MATERIAL PROVIDED
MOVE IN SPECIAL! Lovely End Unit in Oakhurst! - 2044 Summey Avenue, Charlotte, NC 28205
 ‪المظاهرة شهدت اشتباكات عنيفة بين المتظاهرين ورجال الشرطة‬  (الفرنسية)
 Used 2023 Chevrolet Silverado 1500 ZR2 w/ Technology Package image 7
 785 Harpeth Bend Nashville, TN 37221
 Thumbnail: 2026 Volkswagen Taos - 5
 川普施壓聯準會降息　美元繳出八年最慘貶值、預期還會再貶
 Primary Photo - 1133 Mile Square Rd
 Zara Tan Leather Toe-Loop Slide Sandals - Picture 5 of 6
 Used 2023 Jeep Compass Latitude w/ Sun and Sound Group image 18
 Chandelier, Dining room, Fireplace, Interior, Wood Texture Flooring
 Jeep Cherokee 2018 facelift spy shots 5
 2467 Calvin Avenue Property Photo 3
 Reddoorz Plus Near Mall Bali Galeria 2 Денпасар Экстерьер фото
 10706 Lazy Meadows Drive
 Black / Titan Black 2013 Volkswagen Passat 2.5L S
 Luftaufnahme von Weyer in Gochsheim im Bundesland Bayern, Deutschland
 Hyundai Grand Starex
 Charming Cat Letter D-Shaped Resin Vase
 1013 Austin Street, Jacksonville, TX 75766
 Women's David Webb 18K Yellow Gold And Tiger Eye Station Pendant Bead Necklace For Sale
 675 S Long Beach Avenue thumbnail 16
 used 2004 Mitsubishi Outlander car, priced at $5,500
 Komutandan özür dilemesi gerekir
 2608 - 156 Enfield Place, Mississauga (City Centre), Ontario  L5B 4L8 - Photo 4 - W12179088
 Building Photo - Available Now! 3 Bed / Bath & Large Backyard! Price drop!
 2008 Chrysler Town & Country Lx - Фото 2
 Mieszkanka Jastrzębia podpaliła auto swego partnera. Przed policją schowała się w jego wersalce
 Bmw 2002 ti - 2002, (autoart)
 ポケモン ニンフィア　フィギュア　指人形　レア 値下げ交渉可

PROBLEM TO SOLVE
I would like you to output every record exactly as written.

ANSWER FOR THIS EXERCISE
MOVE IN SPECIAL! Lovely End Unit in Oakhurst! - 2044 Summey Avenue, Charlotte, NC 28205
 ‪المظاهرة شهدت اشتباكات عنيفة بين المتظاهرين ورجال الشرطة‬  (الفرنسية)
 Used 2023 Chevrolet Silverado 1500 ZR2 w/ Technology Package image 7
 785 Harpeth Bend Nashville, TN 37221
 Thumbnail: 2026 Volkswagen Taos - 5
 川普施壓聯準會降息　美元繳出八年最慘貶值、預期還會再貶
 Primary Photo - 1133 Mile Square Rd
 Zara Tan Leather Toe-Loop Slide Sandals - Picture 5 of 6
 Used 2023 Jeep Compass Latitude w/ Sun and Sound Group image 18
 Chandelier, Dining room, Fireplace, Interior, Wood Texture Flooring
 Jeep Cherokee 2018 facelift spy shots 5
 2467 Calvin Avenue Property Photo 3
 Reddoorz Plus Near Mall Bali Galeria 2 Денпасар Экстерьер фото
 10706 Lazy Meadows Drive
 Black / Titan Black 2013 Volkswagen Passat 2.5L S
 Luftaufnahme von Weyer in Gochsheim im Bundesland Bayern, Deutschland
 Hyundai Grand Starex
 Charming Cat Letter D-Shaped Resin Vase
 1013 Austin Street, Jacksonville, TX 75766
 Women's David Webb 18K Yellow Gold And Tiger Eye Station Pendant Bead Necklace For Sale
 675 S Long Beach Avenue thumbnail 16
 used 2004 Mitsubishi Outlander car, priced at $5,500
 Komutandan özür dilemesi gerekir
 2608 - 156 Enfield Place, Mississauga (City Centre), Ontario  L5B 4L8 - Photo 4 - W12179088
 Building Photo - Available Now! 3 Bed / Bath & Large Backyard! Price drop!
 2008 Chrysler Town & Country Lx - Фото 2
 Mieszkanka Jastrzębia podpaliła auto swego partnera. Przed policją schowała się w jego wersalce
 Bmw 2002 ti - 2002, (autoart)
 ポケモン ニンフィア　フィギュア　指人形　レア 値下げ交渉可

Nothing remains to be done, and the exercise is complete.